Terminal Invasion (2002)

It’s almost enough to make you want to cry.

Here’s a SciFi Network movie from the days when they were still orthographically correct, which is as entertaining a “B” movie as you could ask for.  What’s more, it was even made specifically for the network and wasn’t — like some of their better offerings — a rebadged Indie film (after all, it does have commercial breaks edited right into it!).

…And then you stop and look at the dull, uninspired schlock they’re churning out now.

Sigh.

What makes this one so much better than Crocosaurus Meets Shartopus?  Well, for starters, we’ve got Bruce Campbell, who can liven up any “B” movie.  He’s a convicted murderer on his way to Death Row when the car carrying him slides off the road and the officers transporting him take shelter in the terminal of a local air charter service.
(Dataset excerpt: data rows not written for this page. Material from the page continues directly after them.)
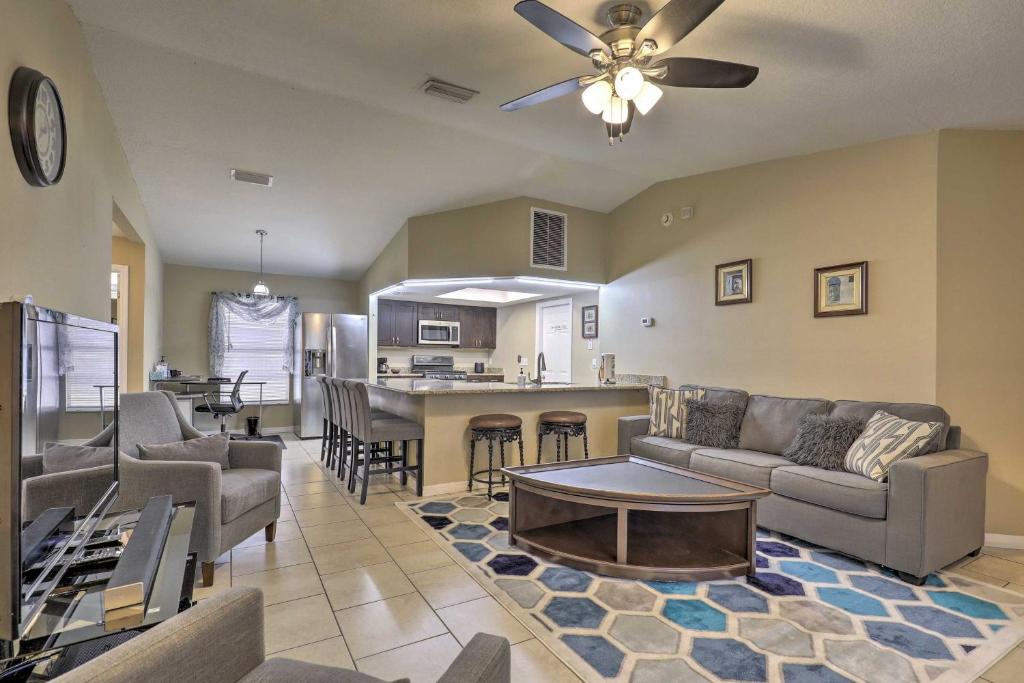 East Tampa House | Charming Tampa Bay Hideaway WFH Friendly!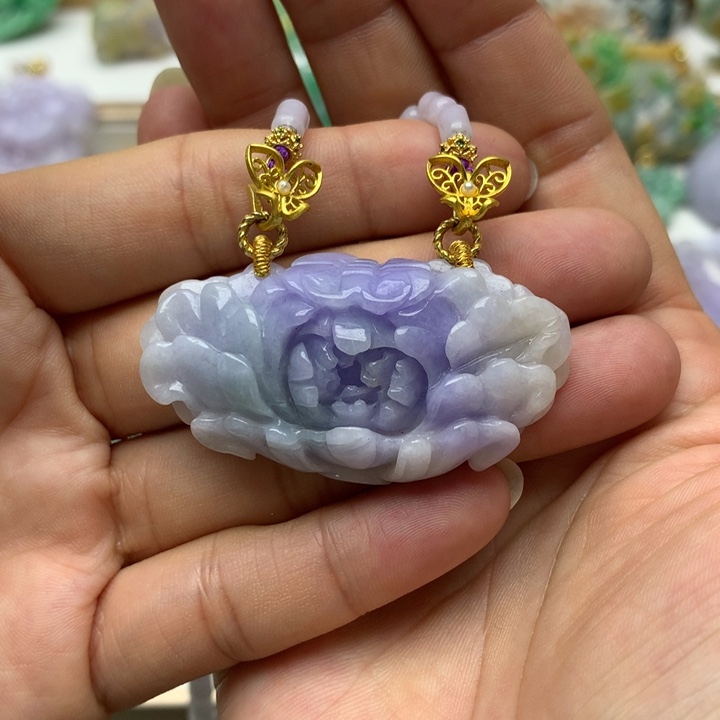 翡翠颈饰未镶嵌翡翠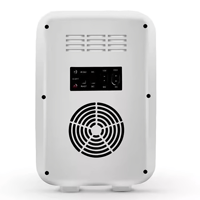 ثلاجة صغيرة لمستحضرات التجميل مزودة بمرآة أبيض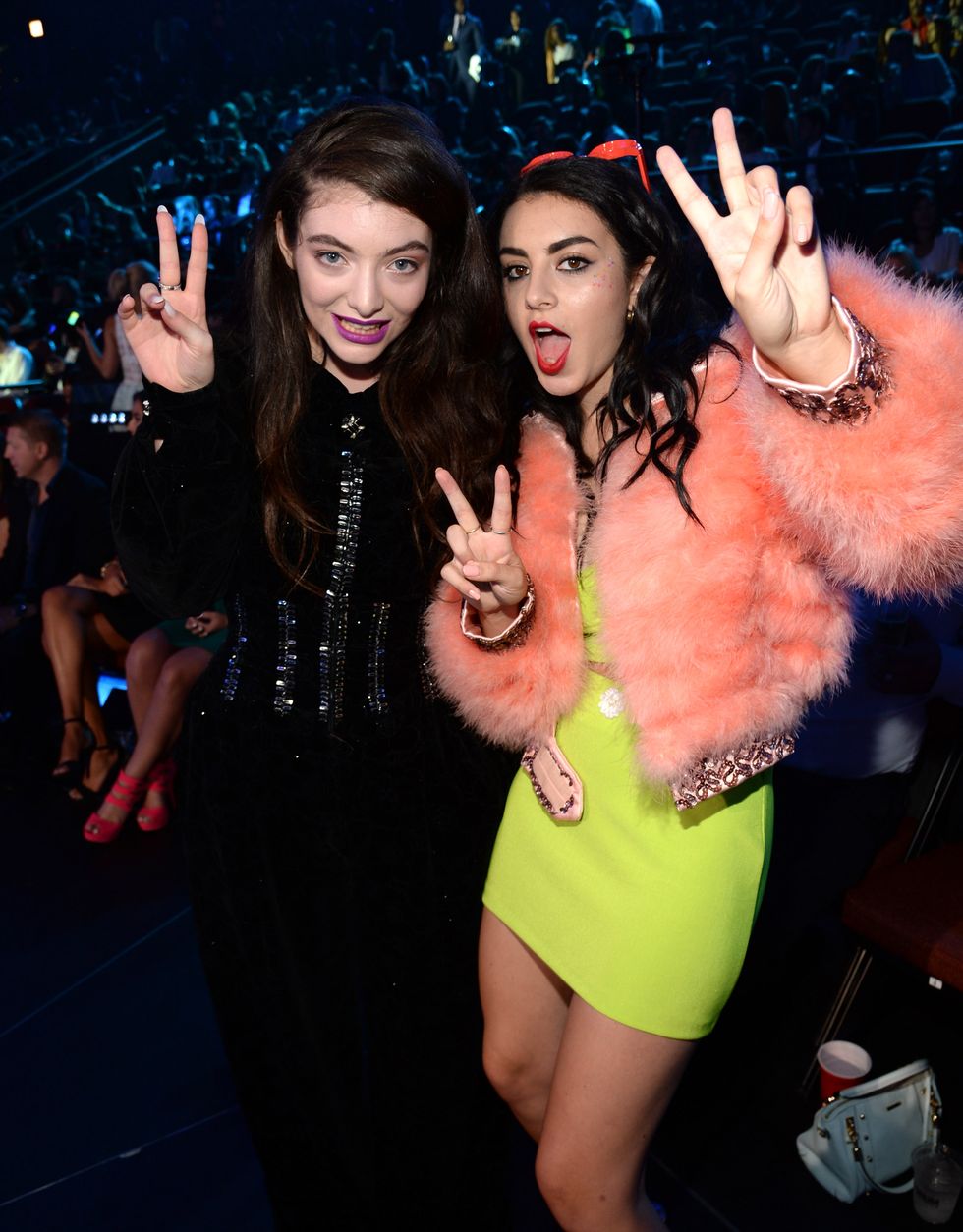 lorde and charli xcx at the 2014 mtv video music awards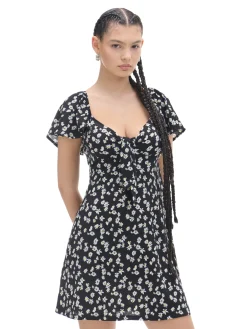 Czarna sukienka mini w stokrotki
A lot of people have been stranded there by the storm.  Unfortunately, they aren’t all people

It’s a classic situation.  We have fear, hostility and suspicion as the passengers and staff get picked off one by one.
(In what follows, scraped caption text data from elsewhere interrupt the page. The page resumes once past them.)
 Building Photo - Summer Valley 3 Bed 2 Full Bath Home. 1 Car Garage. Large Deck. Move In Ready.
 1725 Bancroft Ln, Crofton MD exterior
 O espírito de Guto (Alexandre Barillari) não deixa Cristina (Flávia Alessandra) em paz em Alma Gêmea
Innocent people get killed, unexpected characters turn out to be aliens, and who has the guns — and gets to give the orders — keeps changing.  All the while, the storm rages outside, the planes can’t fly, the radios won’t work, and the storm is too fierce for anyone without some serious training to make the fourteen mile trek to get help.
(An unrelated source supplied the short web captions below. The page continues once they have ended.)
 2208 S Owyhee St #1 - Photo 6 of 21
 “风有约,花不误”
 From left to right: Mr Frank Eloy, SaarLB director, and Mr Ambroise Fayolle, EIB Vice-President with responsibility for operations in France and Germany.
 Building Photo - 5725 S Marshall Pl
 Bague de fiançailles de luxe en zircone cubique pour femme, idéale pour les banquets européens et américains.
As I said, it’s a classic situation.

Let’s face it, the digital effects are so-so.  After all, it’s a TV movie.  But the creatures are still moderately good and we don’t see enough of them that we really get to see how bad they actually are.

That would help almost any “B” Movie.

There is also some rather strange editing effects which are quite jarring if you think of Terminal Invasion as a movie, but wouldn’t be quite so out of place in a TV show.

But I’m willing to ignore that, particularly in a film which turns moments of exposition into jokes; has the original discovery of the invasion hinge on a question of religious practice; gives us a startling John Carpenter moment which ends in a disaster portrayed in  the most absurdly minimal computer animation imaginable; and throws in an epically unexpected revelation which should have been obvious and yet is played so well that we accept it without question.

There is even a satisfying ending, complete with a redemptive arc for one of the characters.

It’s solid “B” entertainment as good as the TV movies  that SciFi’s parent corporation, USA, made once in a while (like High Desert Kill (1989)).  It’s a forgotten slice of Science Fiction goodness from the days when the SciFi Network still made good movies once in a while.

Sigh.

They don’t make them like that anymore.